= Beginning of Section =

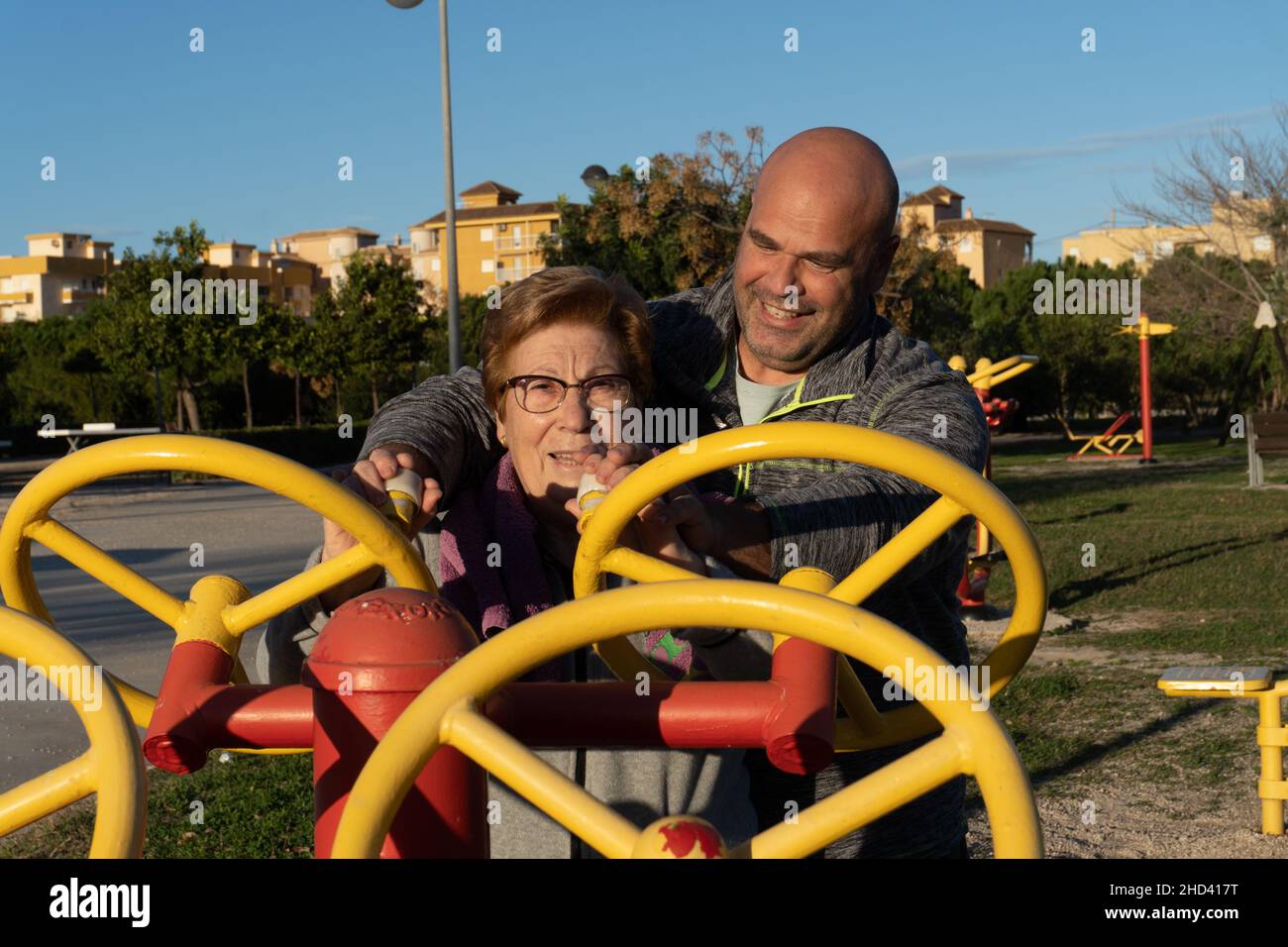 Male trainer helps older woman to exercise on the machine in a bio-healthy park Stock Photo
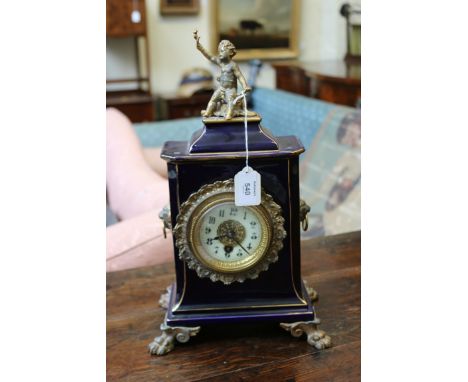 A 19th century French deep blue enamel, gilt line decorated and gilt metal mounted mantel timepiece, the surmount cast as a p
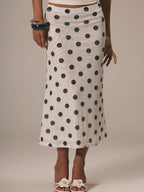 Women's polka dot midi skirt by Trendsi, vintage-inspired high-waisted A-line skirt with a classic pattern and flowing design.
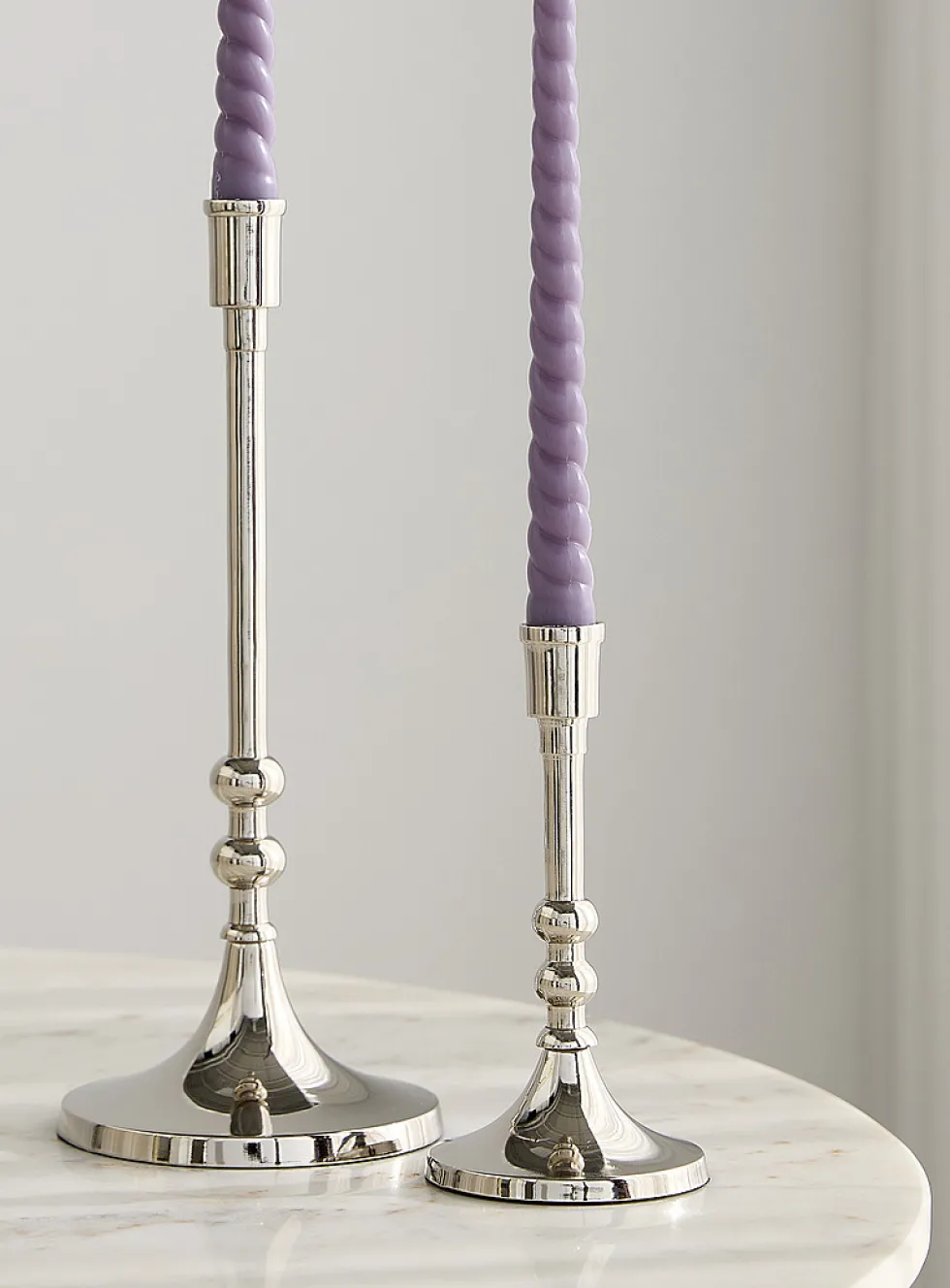 Large metallic candle holder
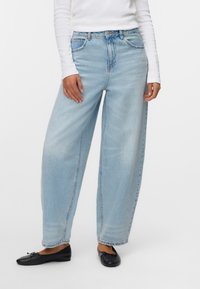 Svetle modré kalhoty s volným střihem vyrobené z denimu. Mají vysoký pas, přední kapsy a jemné vyblednutí. Vypadají dobře kombinované s černými plochými botami.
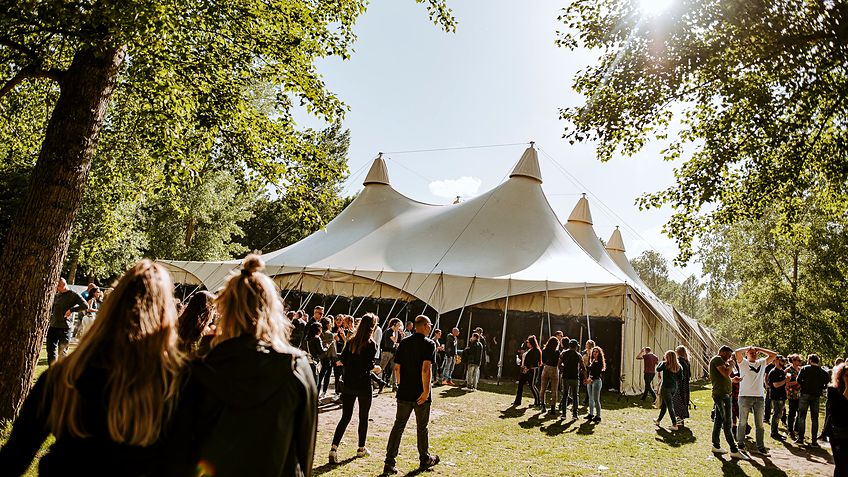 Kalahari festivaltent in woestijnzandkleur tussen de bomen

= End of Section =

Excluding the pictures, retype the line containing "Large metallic candle holder" and all lines after it down to the end of the data above.

 Large metallic candle holder
 Svetle modré kalhoty s volným střihem vyrobené z denimu. Mají vysoký pas, přední kapsy a jemné vyblednutí. Vypadají dobře kombinované s černými plochými botami.
 Kalahari festivaltent in woestijnzandkleur tussen de bomen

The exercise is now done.